In this longitudinal study, we examined parent and youth perceptions of how life events, both positive and negative, associated with the COVID-19 pandemic resulted in changes in family functioning as well as youth functioning. We tested both direct effects of parent- and youth-reported negative and positive events as well as indirect or spillover effects that have their effects on parent functioning and marital relationships. Families (n=101 parent-youth dyads, 80% European American, 48% boys, and 87% mothers) completed surveys during the pandemic (May to July 2020) and 1.5 years prior.  We conducted multivariate path analyses predicting residualized change in family and youth functioning. According to child-report of family functioning, open family communication, parent-child relationship quality and family satisfaction all decreased during this time, although no changes were found in parent-report of family functioning. Several forms of parent-reported negative life events and child-reports of school-related stress during the pandemic predicted changes in family functioning. Moreover, positive life events predicted child reports of family functioning directly and evidence for spill-over effects of parent-reported positive life events on family functioning were also found. In addition, the receipt of social support by parents during the pandemic protected against decrements in family functioning and, indirectly, increases in child symptomatology.

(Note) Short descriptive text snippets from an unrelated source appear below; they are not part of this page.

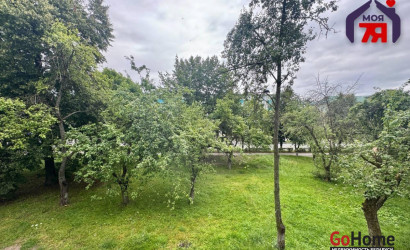 Купить 3-комнатную квартиру, Солигорск, Ленинского Комсомола ул., 3. Фото 17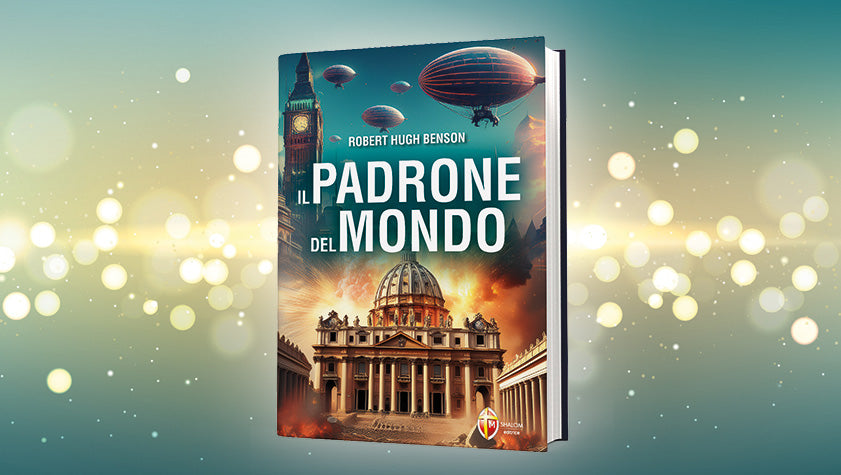 un viaggio profetico e una nuova avventura per leditrice shalom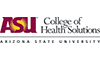 Arizona State University College of Health Solutions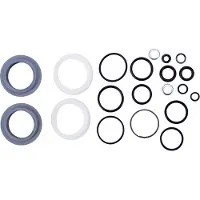 RockShox Zilver Servicekit Basic Sektor Solo Air A1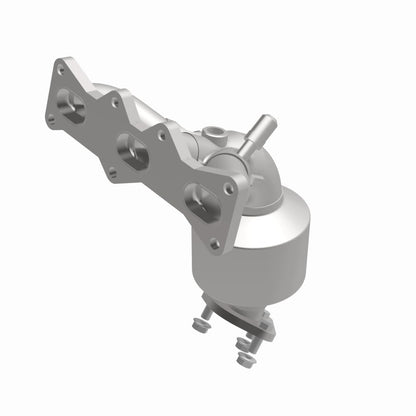 MagnaFlow 51870 DirectFit Converter for Mazda Millenia 2.3L 96-02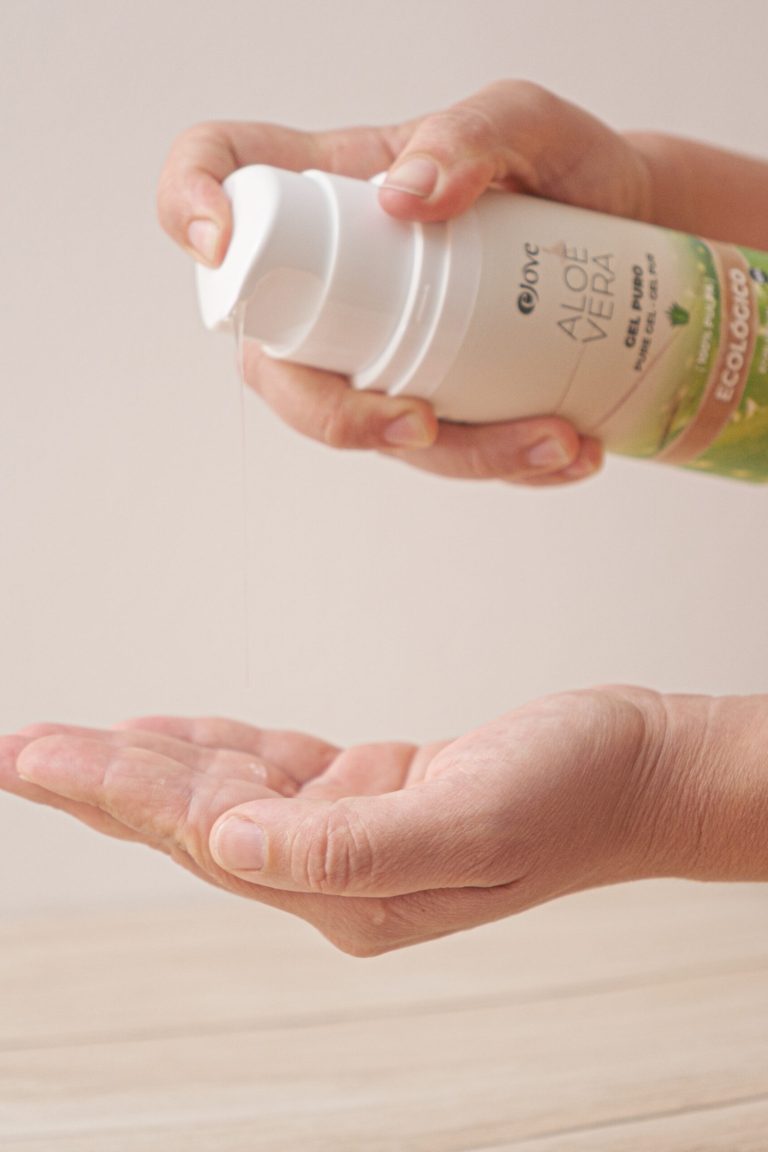 Ejove GEL PURO ECOLÓGICO [EJ144] 200ml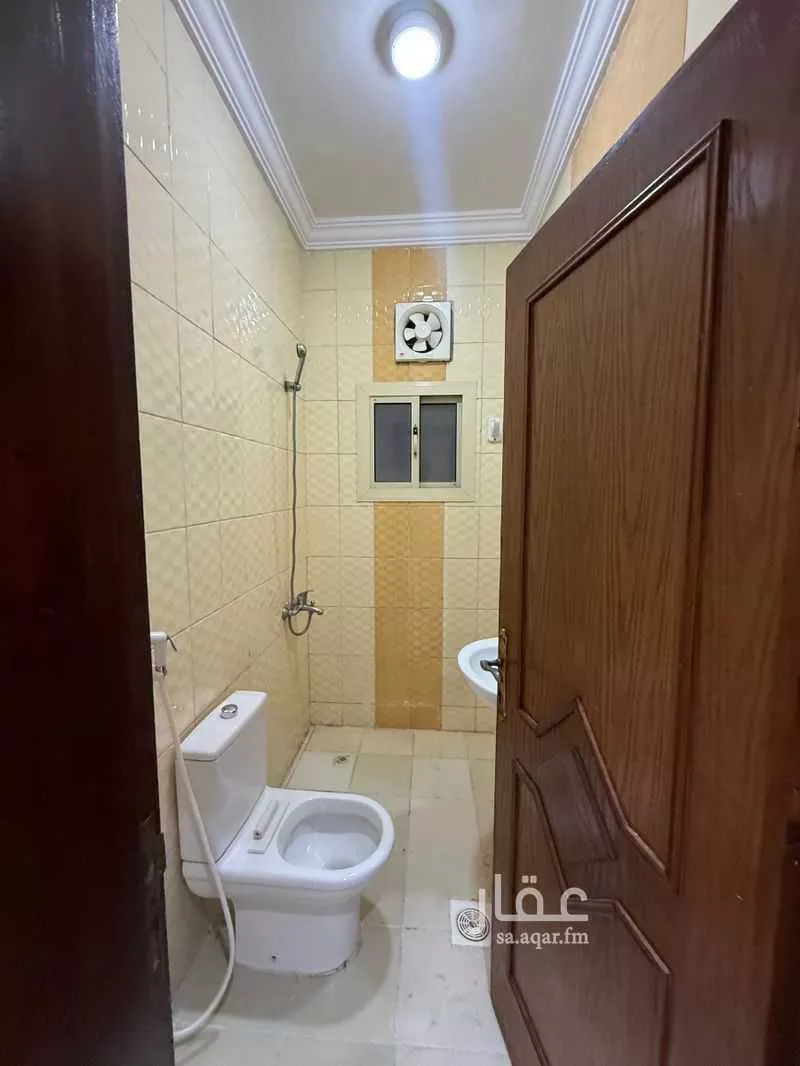 4 bedroom apartment in Al Manar 5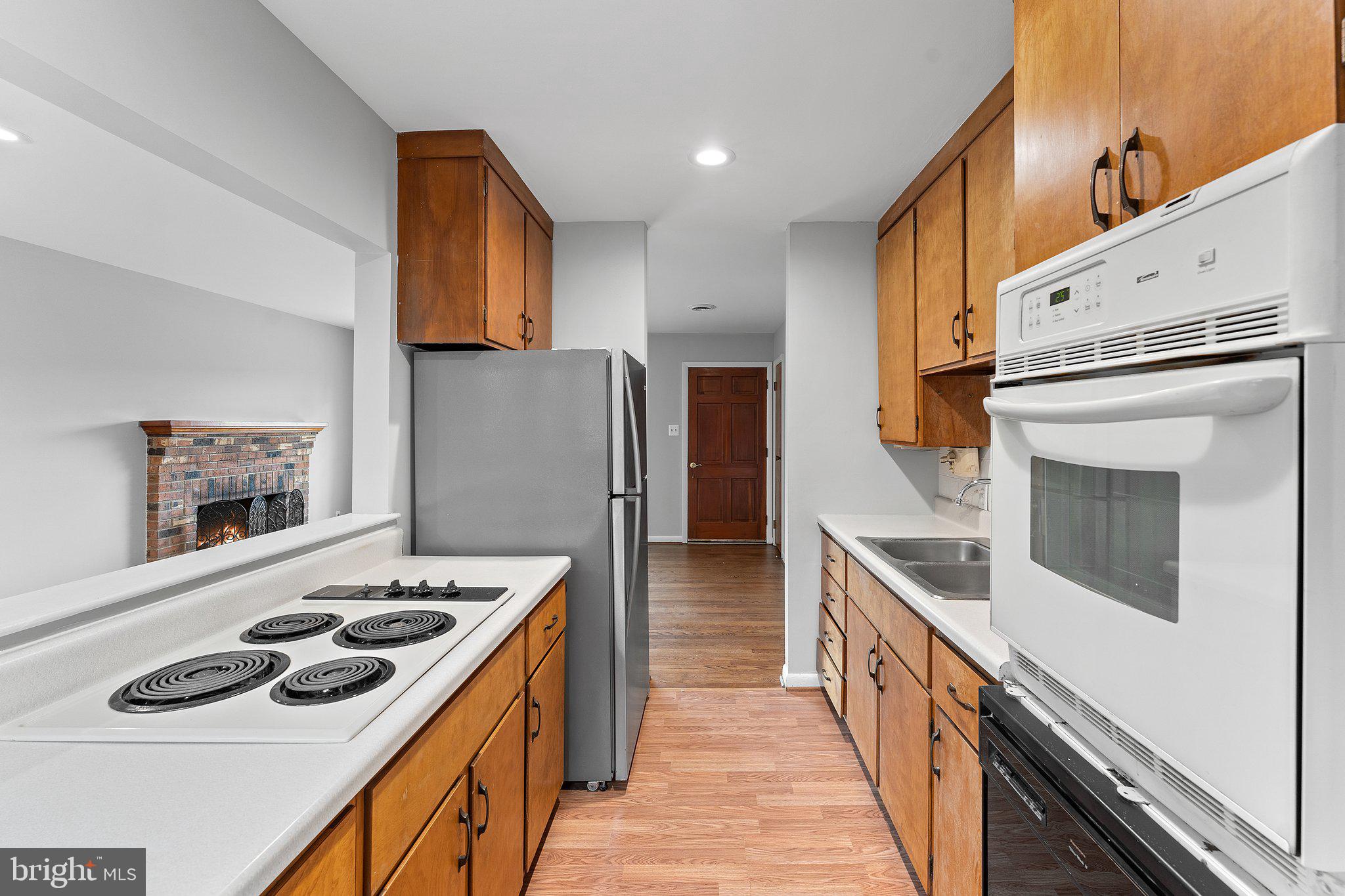 VALLEVUE - Residential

School-related stress also predicted increases in child-reported symptomatology. Moreover, several aspects of family functioning pre-pandemic impacted the extent to which parents and children experienced both positive and negative life events during the pandemic. The current findings thus shed light on how experiences of the pandemic are linked with family functioning and have implications for how to support families during this time.

Coping and Mental Health in Early Adolescence during COVID-19 (preprint)

The current longitudinal study examines changes in overall mental health symptomatology from before to after the COVID-19 outbreak in youth from the southeastern United States as well as the potential mitigating effects of self-efficacy, optimism, and coping. A sample of 105 parent-child dyads participated in the study (49% boys; 81% European American, 1% Alaska Native/American Indian, 9% Asian/Asian American; 4% Black/African American; 4% Latinx; and 4% other; 87% mothers; 25% high school graduate without college education; 30% degree from 4-year college; 45% graduate or professional school). Parents completed surveys when children were aged 6-9, 8-12, 9-13, and 12-16, with the last assessments occurring between May 13, 2020 and July 1, 2020 during the COVID-19 outbreak. Children also completed online surveys at ages 11-16 assessing self-efficacy, optimism, and coping. Multi-level modeling analyses showed a within-person increase in mental health symptoms from before to after the outbreak after controlling for changes associated with maturation. Symptom increases were mitigated in youth with greater self-efficacy and (to some extent) problem-focused engaged coping, and exacerbated in youth with greater emotion-focused engaged and disengaged coping. Implications of this work include the importance of reinforcing self-efficacy in youth during times of crisis, such as the pandemic, and the potential downsides of emotion-focused coping as an early response to the crisis for youth.